§ WHAT YOU SHOULD DO
Only the lines from the one containing "Talbots Dresses &" through the end of the data below are to be repeated, exactly as given, without pictures.

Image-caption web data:

= = = = =

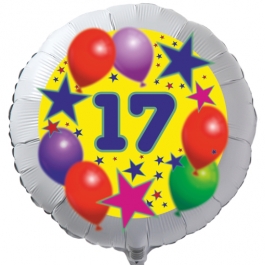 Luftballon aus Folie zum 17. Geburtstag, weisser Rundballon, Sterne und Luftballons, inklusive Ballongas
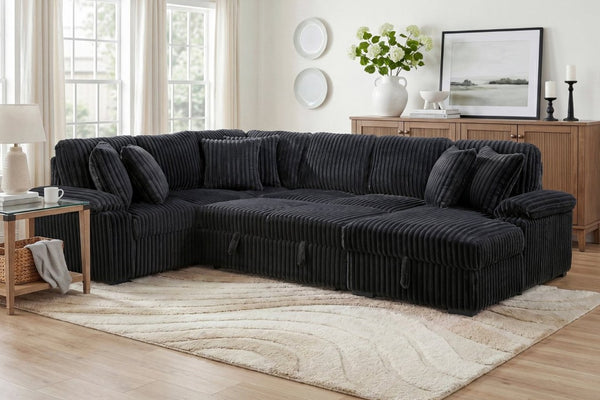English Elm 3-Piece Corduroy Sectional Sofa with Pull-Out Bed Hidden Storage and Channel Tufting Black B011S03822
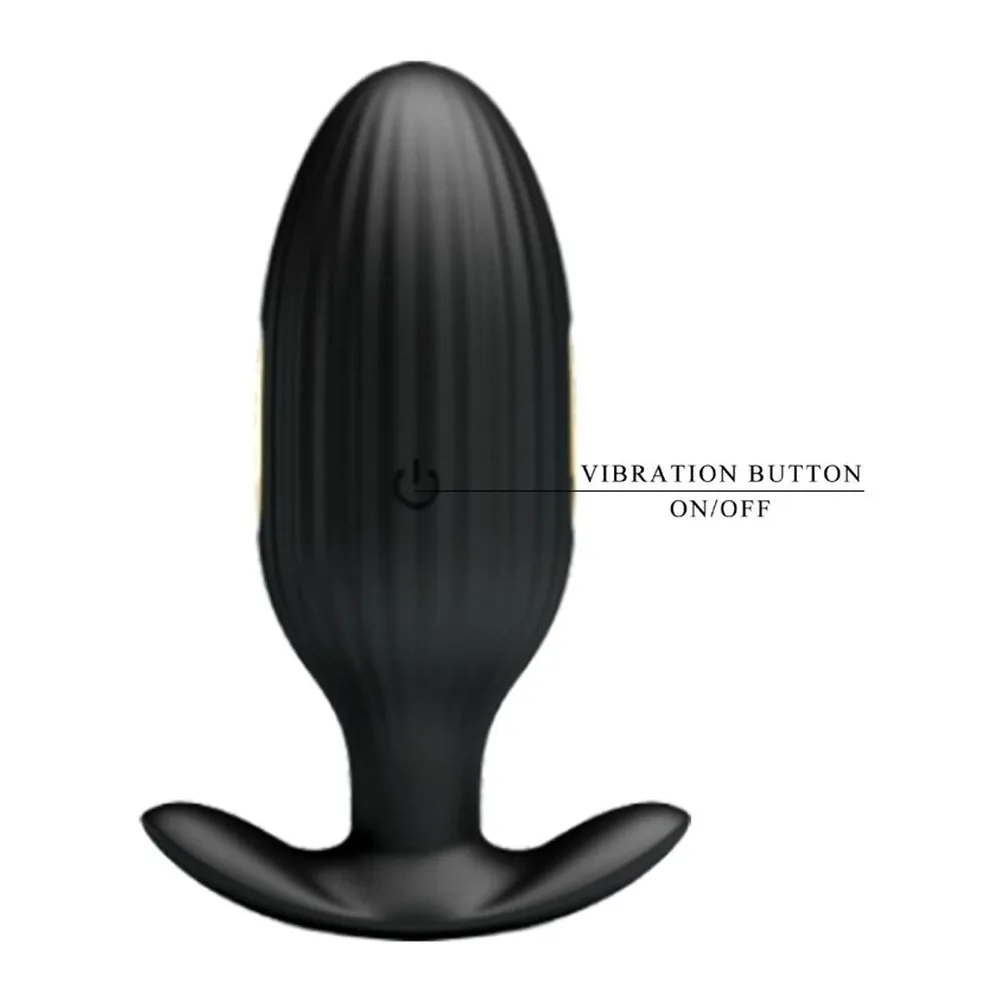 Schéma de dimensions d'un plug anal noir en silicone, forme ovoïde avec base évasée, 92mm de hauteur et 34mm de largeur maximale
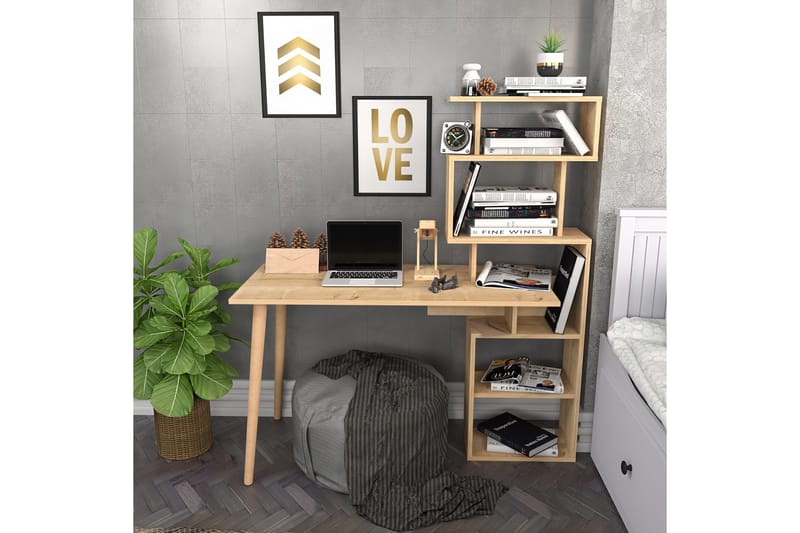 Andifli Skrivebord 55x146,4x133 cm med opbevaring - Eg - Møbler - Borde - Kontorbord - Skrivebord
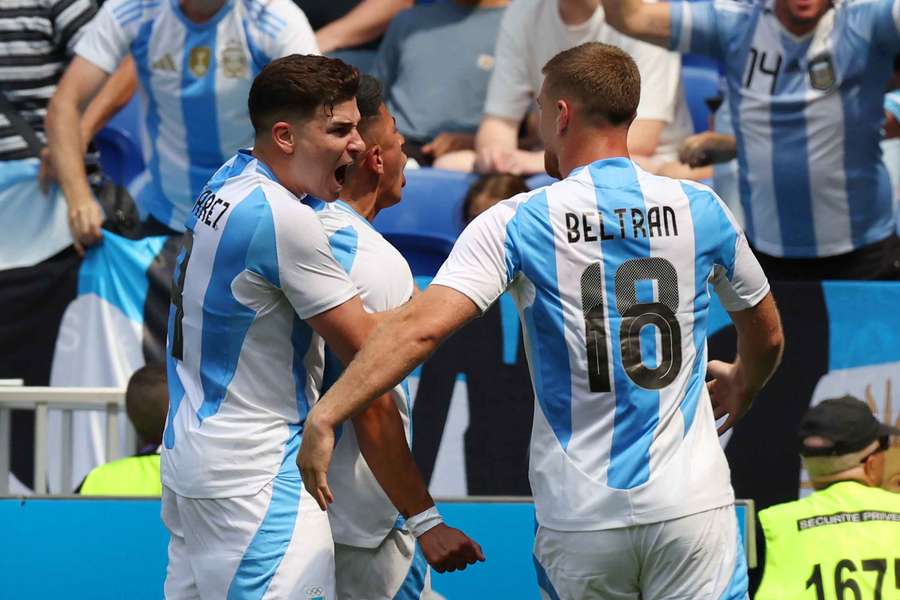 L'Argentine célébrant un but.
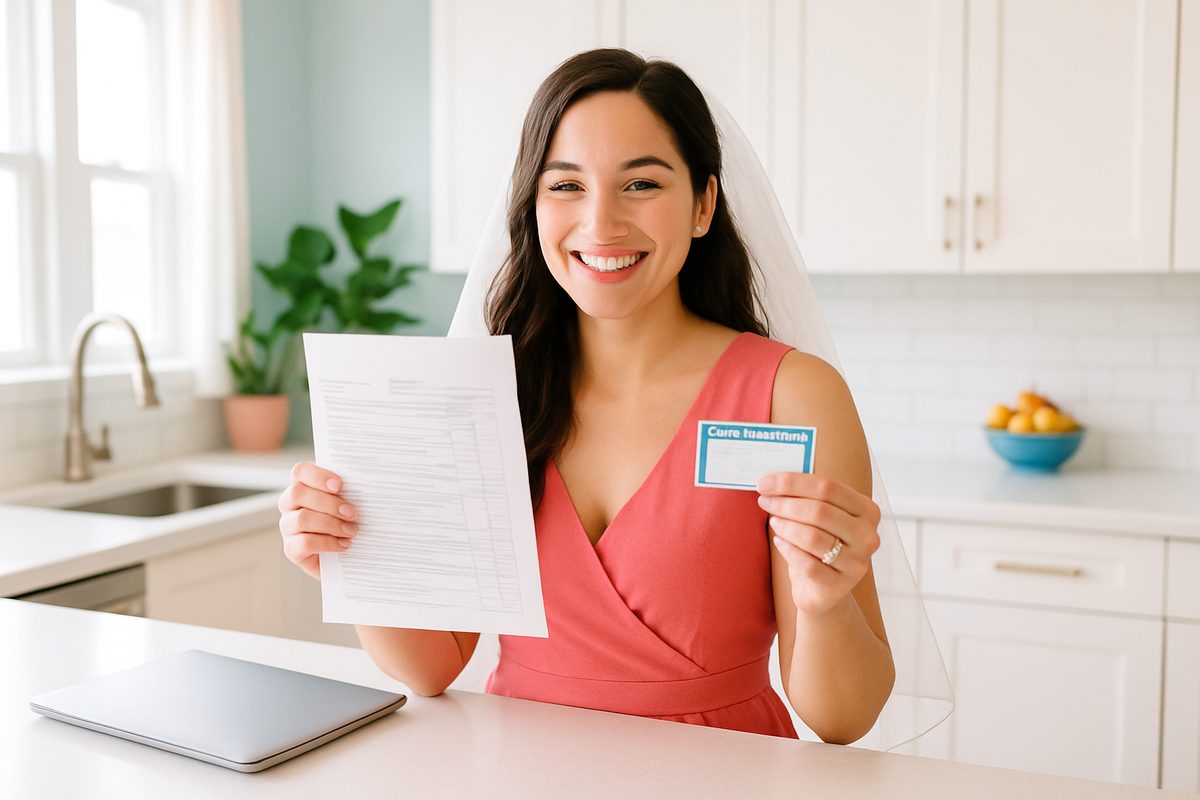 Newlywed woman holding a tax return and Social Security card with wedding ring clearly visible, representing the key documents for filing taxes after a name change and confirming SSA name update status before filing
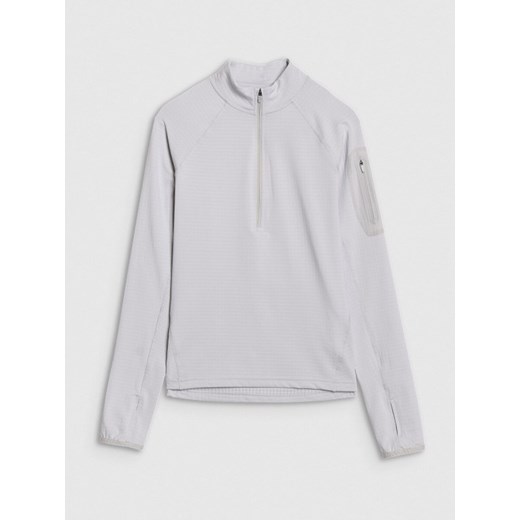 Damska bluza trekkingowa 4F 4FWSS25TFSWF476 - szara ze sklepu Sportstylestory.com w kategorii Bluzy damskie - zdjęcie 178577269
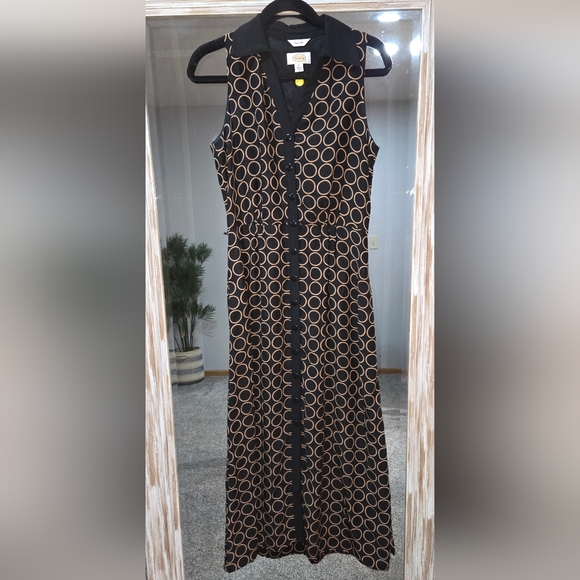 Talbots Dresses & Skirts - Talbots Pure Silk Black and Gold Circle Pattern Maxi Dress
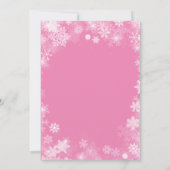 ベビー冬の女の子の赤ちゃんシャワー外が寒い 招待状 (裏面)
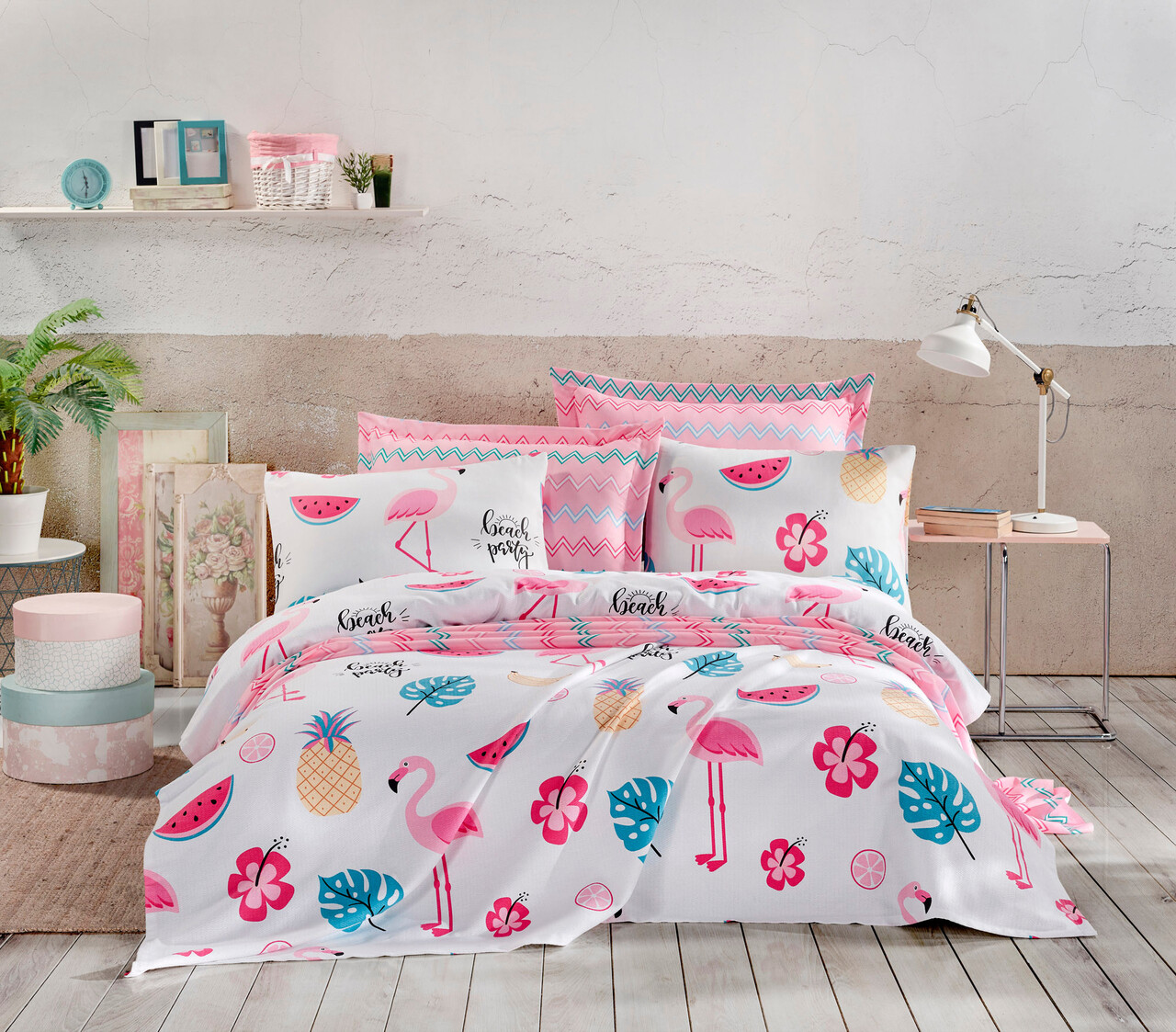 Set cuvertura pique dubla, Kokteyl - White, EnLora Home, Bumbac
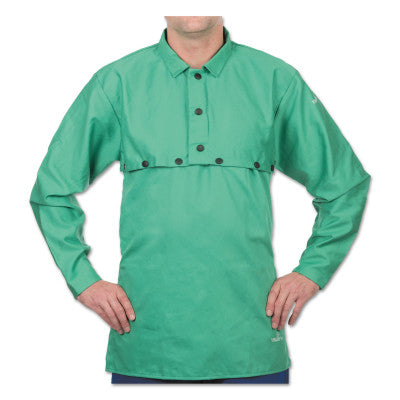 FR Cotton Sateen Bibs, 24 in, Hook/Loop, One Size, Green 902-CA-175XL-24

= = = = =

§ SOLVED EXERCISE
 Talbots Dresses & Skirts - Talbots Pure Silk Black and Gold Circle Pattern Maxi Dress
 ベビー冬の女の子の赤ちゃんシャワー外が寒い 招待状 (裏面)
 Set cuvertura pique dubla, Kokteyl - White, EnLora Home, Bumbac
 FR Cotton Sateen Bibs, 24 in, Hook/Loop, One Size, Green 902-CA-175XL-24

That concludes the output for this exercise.